— What this task involves —
Write the listing out again word for word, skipping each picture.

— Material provided —
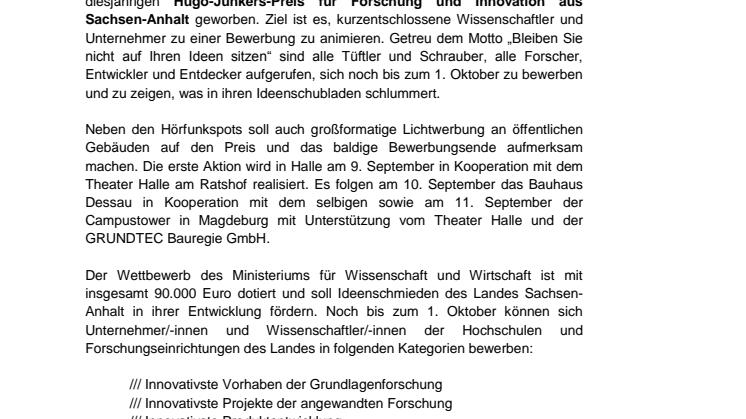 Hugo-Junkers-Preis hat Ausstrahlung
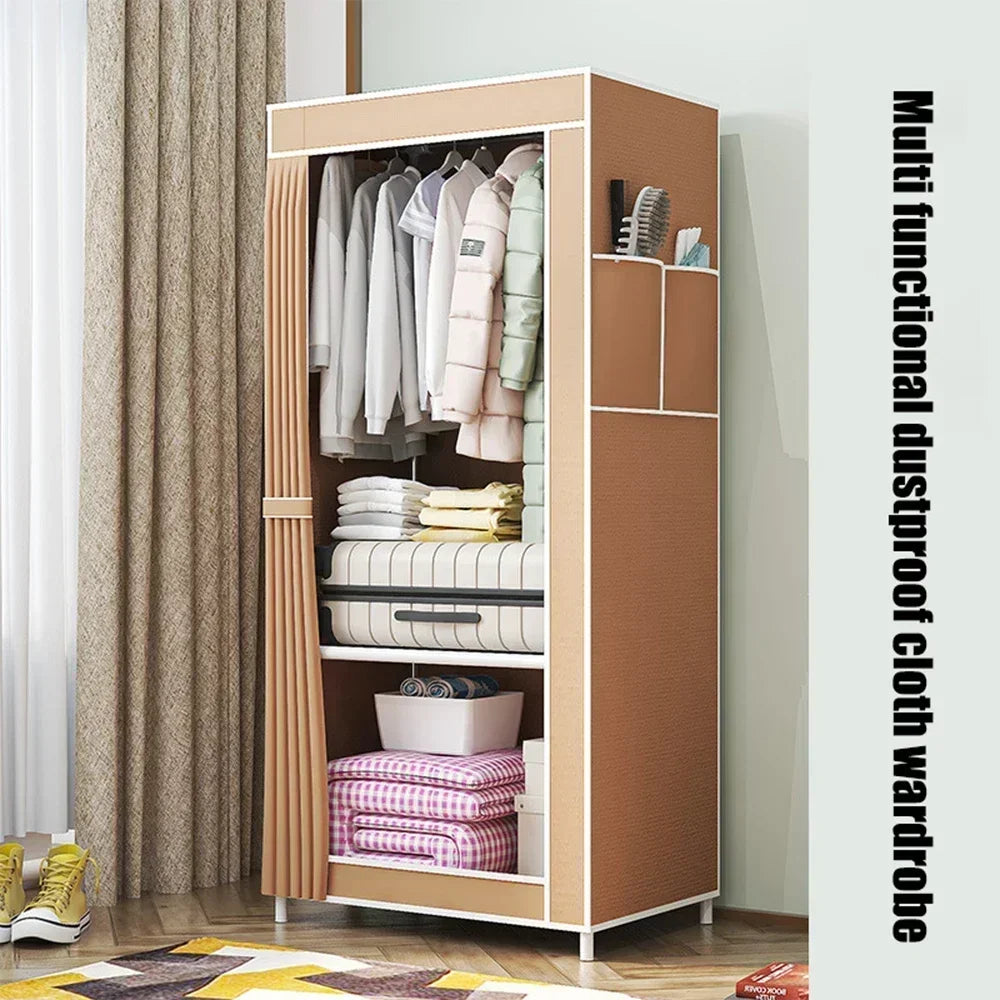 Dustproof Wardrobe Simple Storage Cabinet Multi Layer Storage Bedroom Save Space Armoire Large Capacity Dampproof Cloth Wardrobe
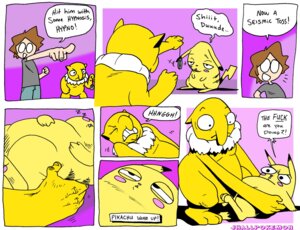 Rating: Safe Score: 0 Tags: ambiguous_gender awkward comic dialogue digital_media_(artwork) e621 english_text feral fur generation_1_pokemon group hi_res human humor hypno_(pokemon) jhallpokemon male mammal misunderstanding nintendo pikachu pokemon pokemon_(species) pokemon_trainer profanity rodent suggestive tail text uhoh yellow_body yellow_fur User: bunchy7s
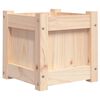 vidaXL Sodo lovelis, 31x31x31cm, pu&scaron;ies medienos masyvas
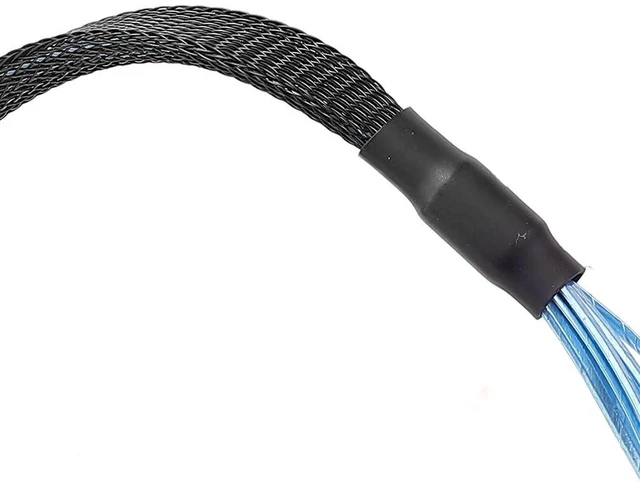Alt view image 4 of 7 - AJMRTC 100CM Mini SAS HD SFF-8643 to 4×SFF-8482 29Pin Breakout Cable, 12Gbps High Speed Server RAID Cord for SAS HDD, SAS SSD, RAID HBA, Storage Backplane, NAS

— Answer for this exercise —
 Hugo-Junkers-Preis hat Ausstrahlung
 Dustproof Wardrobe Simple Storage Cabinet Multi Layer Storage Bedroom Save Space Armoire Large Capacity Dampproof Cloth Wardrobe
 Rating: Safe Score: 0 Tags: ambiguous_gender awkward comic dialogue digital_media_(artwork) e621 english_text feral fur generation_1_pokemon group hi_res human humor hypno_(pokemon) jhallpokemon male mammal misunderstanding nintendo pikachu pokemon pokemon_(species) pokemon_trainer profanity rodent suggestive tail text uhoh yellow_body yellow_fur User: bunchy7s
 vidaXL Sodo lovelis, 31x31x31cm, pu&scaron;ies medienos masyvas
Alt view image 4 of 7 - AJMRTC 100CM Mini SAS HD SFF-8643 to 4×SFF-8482 29Pin Breakout Cable, 12Gbps High Speed Server RAID Cord for SAS HDD, SAS SSD, RAID HBA, Storage Backplane, NAS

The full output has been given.